Instructions to follow
In the entries below, the lines from the one with "Tamron SP 24-70mm" through the one with "Dual Handles Bungee" are to be copied exactly; both ends count.

(Excerpts from a dataset)
.....

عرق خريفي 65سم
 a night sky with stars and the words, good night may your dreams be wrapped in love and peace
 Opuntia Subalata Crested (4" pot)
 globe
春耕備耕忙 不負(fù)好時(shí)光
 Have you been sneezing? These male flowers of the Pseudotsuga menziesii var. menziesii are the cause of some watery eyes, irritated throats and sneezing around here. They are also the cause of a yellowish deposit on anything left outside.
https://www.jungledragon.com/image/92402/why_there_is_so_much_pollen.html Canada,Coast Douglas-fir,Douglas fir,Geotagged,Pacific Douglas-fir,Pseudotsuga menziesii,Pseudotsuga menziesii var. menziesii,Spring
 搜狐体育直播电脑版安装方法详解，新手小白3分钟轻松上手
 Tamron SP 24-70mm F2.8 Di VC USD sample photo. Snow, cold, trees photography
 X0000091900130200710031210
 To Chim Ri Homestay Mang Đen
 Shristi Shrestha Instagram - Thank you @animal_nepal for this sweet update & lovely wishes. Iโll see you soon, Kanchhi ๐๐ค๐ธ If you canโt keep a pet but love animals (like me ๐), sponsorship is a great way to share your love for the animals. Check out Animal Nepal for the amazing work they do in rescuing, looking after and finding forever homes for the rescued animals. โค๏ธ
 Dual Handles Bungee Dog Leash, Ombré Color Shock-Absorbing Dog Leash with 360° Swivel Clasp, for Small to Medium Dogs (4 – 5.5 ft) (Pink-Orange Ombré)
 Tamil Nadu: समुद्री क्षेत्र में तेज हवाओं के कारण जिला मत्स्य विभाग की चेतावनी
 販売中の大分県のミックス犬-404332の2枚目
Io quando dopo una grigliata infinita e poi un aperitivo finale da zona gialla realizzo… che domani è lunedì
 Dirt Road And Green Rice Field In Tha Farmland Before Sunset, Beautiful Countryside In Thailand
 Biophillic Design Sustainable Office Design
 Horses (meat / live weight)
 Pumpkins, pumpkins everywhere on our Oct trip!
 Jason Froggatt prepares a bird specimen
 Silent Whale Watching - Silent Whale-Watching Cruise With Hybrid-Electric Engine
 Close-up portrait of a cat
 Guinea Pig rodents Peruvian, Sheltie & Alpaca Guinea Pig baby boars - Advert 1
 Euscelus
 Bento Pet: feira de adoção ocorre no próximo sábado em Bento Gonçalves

.....

Task output
 Tamron SP 24-70mm F2.8 Di VC USD sample photo. Snow, cold, trees photography
 X0000091900130200710031210
 To Chim Ri Homestay Mang Đen
 Shristi Shrestha Instagram - Thank you @animal_nepal for this sweet update & lovely wishes. Iโll see you soon, Kanchhi ๐๐ค๐ธ If you canโt keep a pet but love animals (like me ๐), sponsorship is a great way to share your love for the animals. Check out Animal Nepal for the amazing work they do in rescuing, looking after and finding forever homes for the rescued animals. โค๏ธ
 Dual Handles Bungee Dog Leash, Ombré Color Shock-Absorbing Dog Leash with 360° Swivel Clasp, for Small to Medium Dogs (4 – 5.5 ft) (Pink-Orange Ombré)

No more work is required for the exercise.